Now, the dynamics might be changing again. As the energy crisis grips many established economies, many households will find themselves doing some sums: is it cheaper to go into the office and leave my home unheated? The equation has changed again within a very small number of years.

Urban systems need to adapt faster than they traditionally have.

Tracking urban systems changes

How do urban authorities make those choices? Data.

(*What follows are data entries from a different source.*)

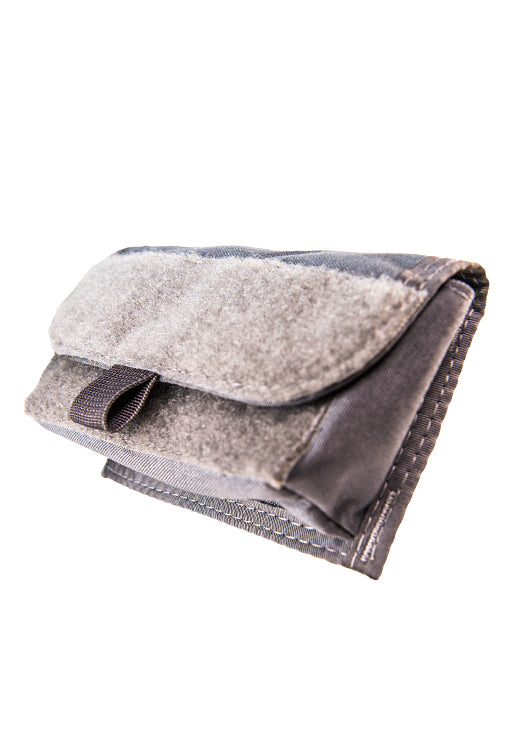 Shot Shell Pouch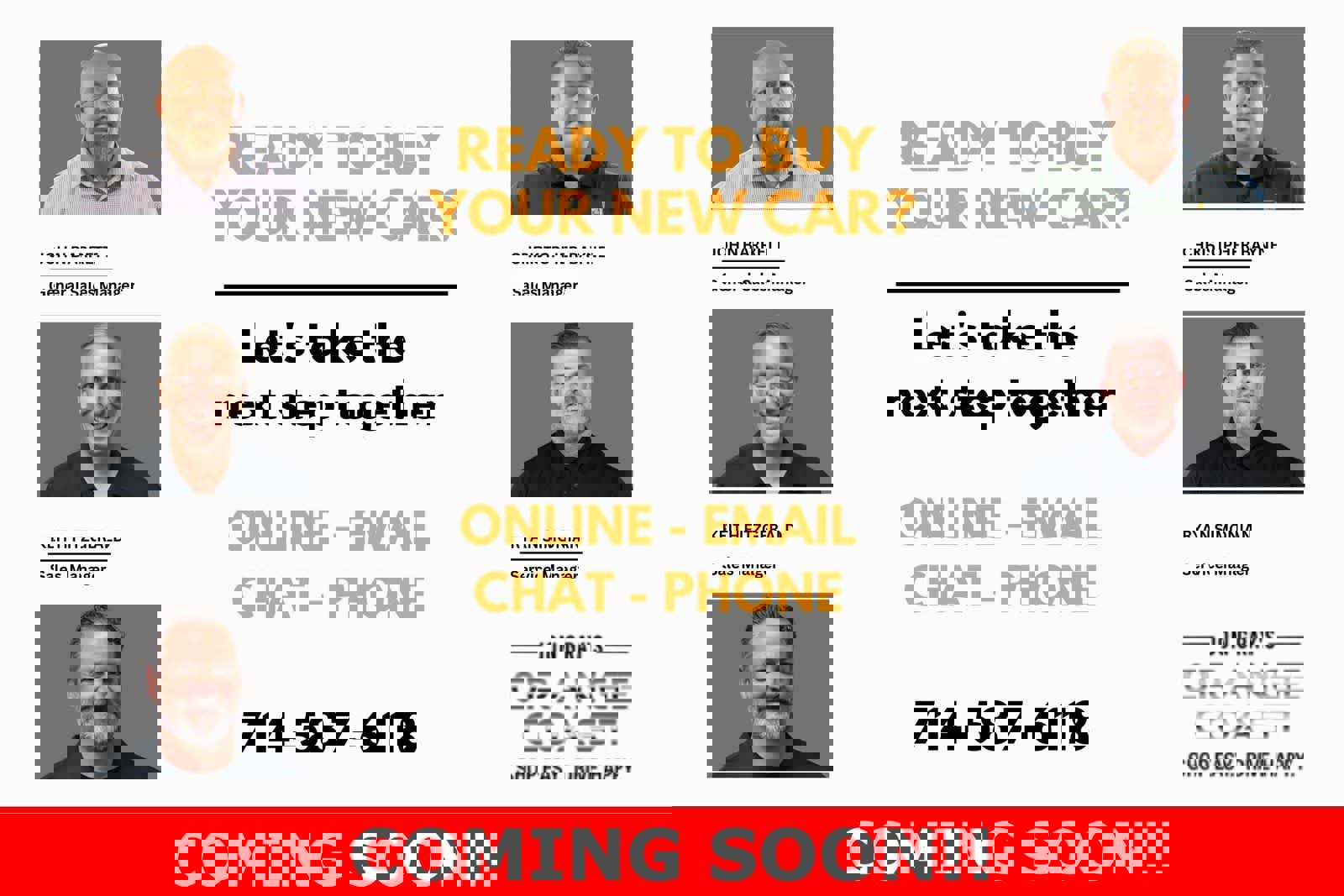 Used 2020 Jeep Gladiator Rubicon image 26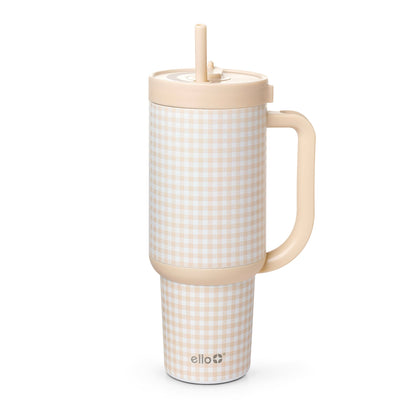Oasis Stainless Steel Tumbler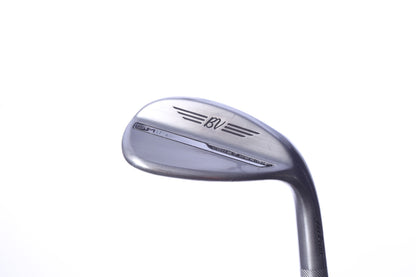 Used Titleist Vokey SM10 Tour Chrome Sand Wedge - Right-Handed - 54 Degrees - Wedge Flex-Next Round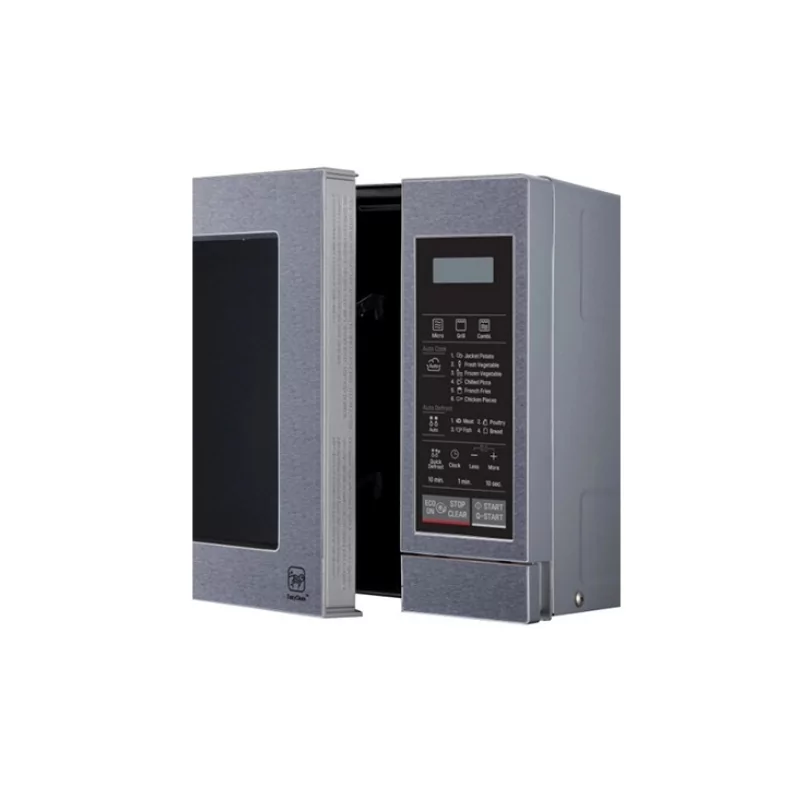 Kontrolsat - 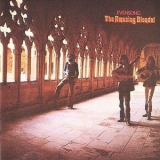 Amazing Blondel - Evensong '1970 - Album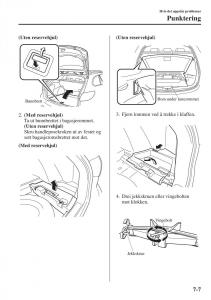 Mazda-6-III-bruksanvisningen page 653 min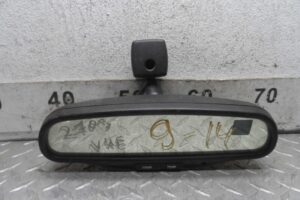 Изображение товара 206995 - 00206995 zerkalo salona Peugeot 406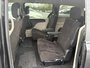 2012 Dodge Grand Caravan SXT-7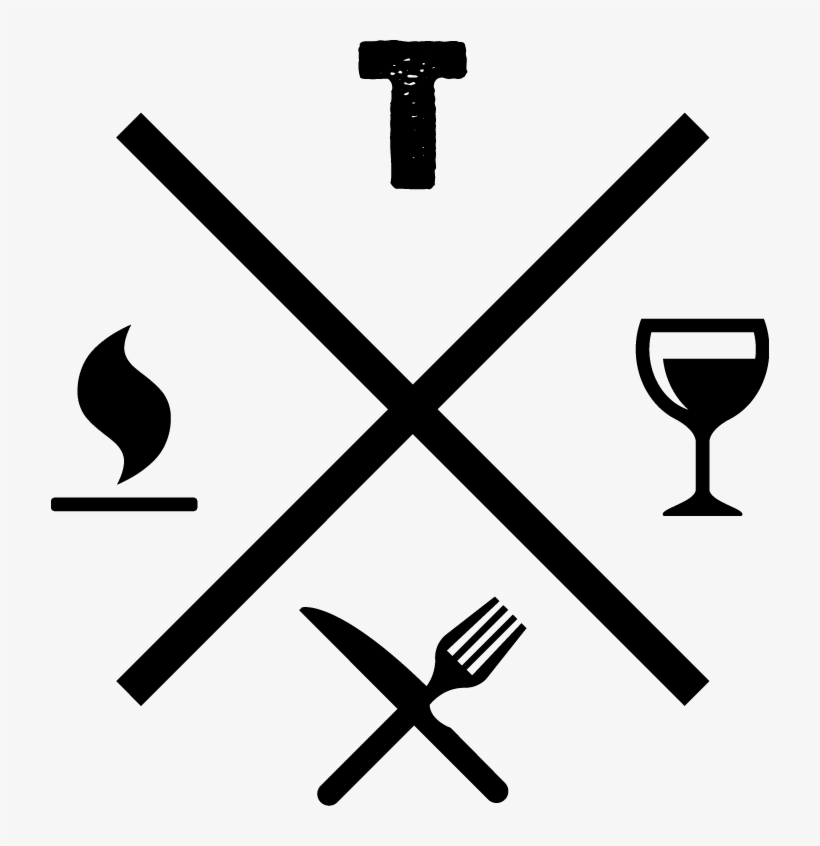 Tylercooks-icon, transparent png #1367946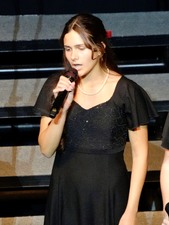 Enlarge photo 741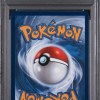 psa-160800642-back PSA 9 - Cert 160800642 - Back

NEXT21 and 22 speaker Francesca Bria has been both working and campaigning for better and more open data for years now. As she told Domus:

Data are clearly a new urban infrastructure, like water, electricity, public transport and so on. Data are crucial for better decision-making, for the improvement of public services and the evaluation of the policies we carry out. As for the Barcelona case, data become a common that cities can use to tackle environmental and social issues, preserving at the same time citizens’ privacy, security and fundamental rights.

Bria is currently working as programme director of The New Hanse, which is exploring future data governance models of Hamburg, intending to roll these models out across Germany — and the rest of Europe.

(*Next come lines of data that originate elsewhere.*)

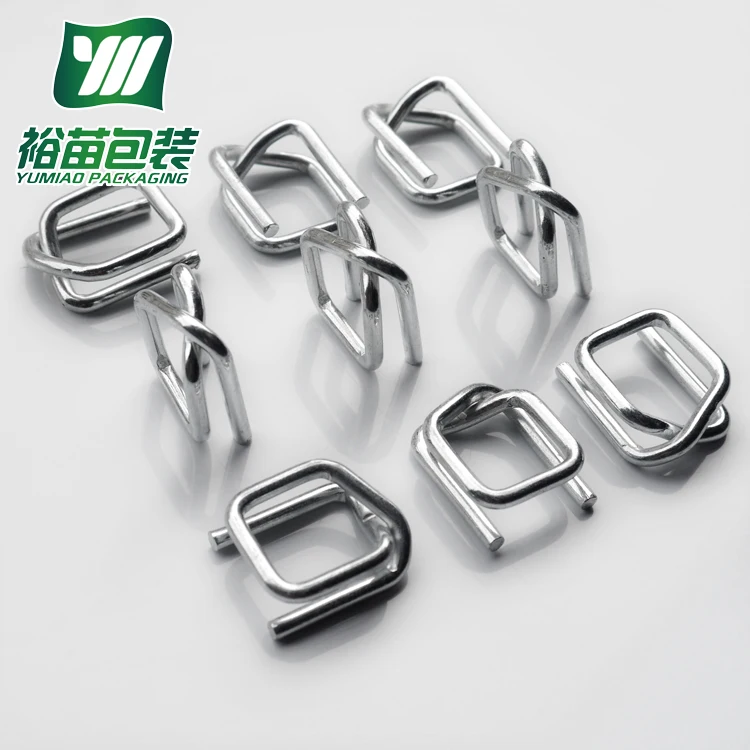 
 Настраиваемые пряжки для полиэфирного шнура, пряжки для упаковки проводов, высокопрочный стальной ремень с композитным ремешком  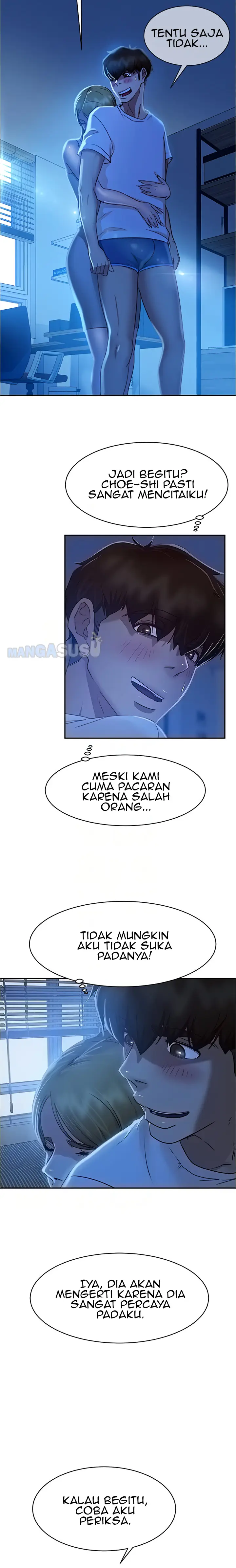 image-komik-a-twisted-day-chapter-21-5/17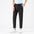 Casual Cropped Pants Men's Spring And Autumn Slim Fit Skinny Business Men's Suit Pants Korean Fashion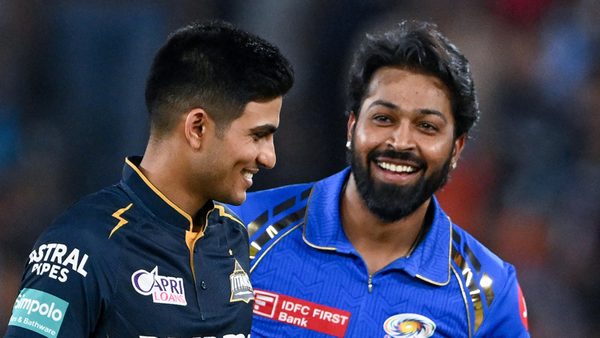 ipl-2025-gt-vs-mi-match-9-betting-preview-can-mumbai-breach-gujarats-ahmedabad-fortress.Click to read full article.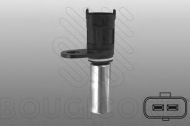 Датчик BOUGICORD 147203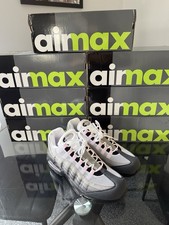 Nike air max pink foam - max, 95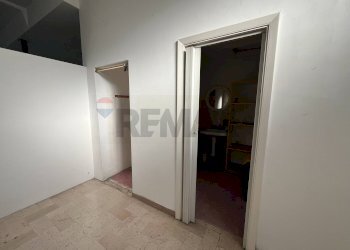 Hall / corridoio - Locale Commerciale Via Ferro di Cavallo
 
21, Lanciano - foto 6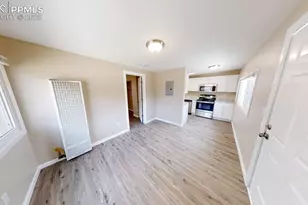 2413 E St Vrain St, Colorado Springs, CO 80909 - Photo 14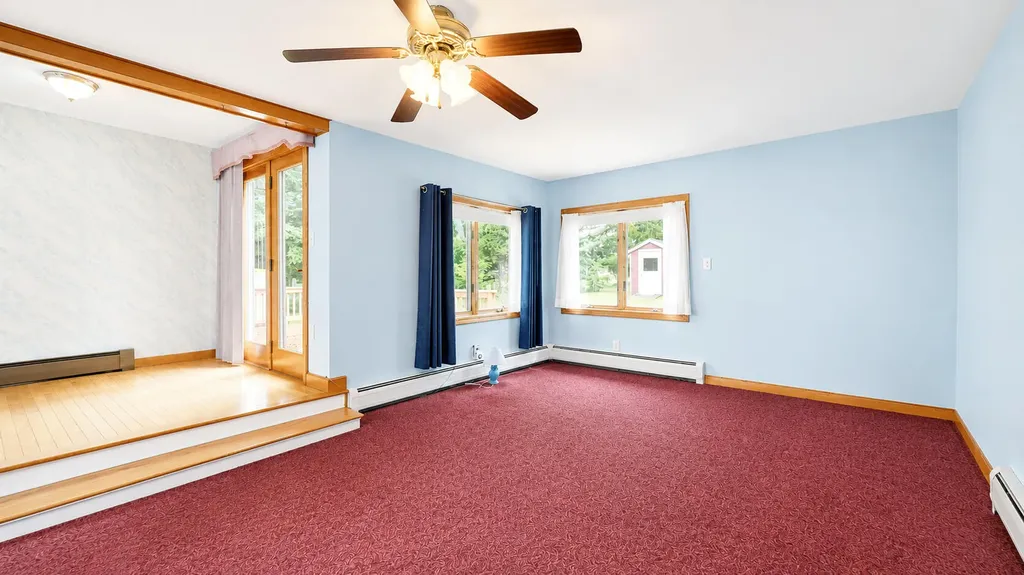 103 Mast Road Westbrook ME 04092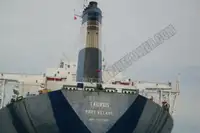 油/化学品油轮 待售
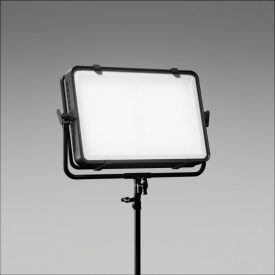 Profoto LP2000C Full Color LED Panel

Better data, better cities

In the short term, these better data flows will allow all levels of the urban system to make better decisions. That applies to governmental planners, property developers, landlords and even residents. Understanding how people’s use of the urban infrastructure is changing over time allows them to react with more agility than in the past.

The long term, though, requires even greater thought. The problem with cities is that they can be terribly inflexible — physically, at least. If you started constructing new buildings as soon as the shift to hybrid working became clear, they’d just be approaching readiness now — as the equation changes again. If working patterns are going to shift as quickly as we’ve seen recently, then we need to build buildings for adaptability, not for a specific purpose.

Towards a resilient urbanism

And again, history can be a guide here. For example, in the UK at least, the legacy of our Victorian industrial boom has proved surprisingly resilient. The big empty brick shells of industrial warehouses and factories have often proved ideal for converting into flexible office space, or upmarket urban apartments. This needs to be our construction model. There’s huge embodied energy in the construction process, so building things in a way that makes them reusable over time makes perfect sense.

How do we know what forms will deliver that sort of flexibility? Again, the answer is data. We must understand how buildings are used and reused over time. How their functional nature shifts with people’s need for infrastructure is crucial information. As Bria intimated above, we require better, more accessible data as a public good, not just locked up in the stables of architects, developers and letting agents.

If we’re going to hug the urban system, we will need to learn to love city data.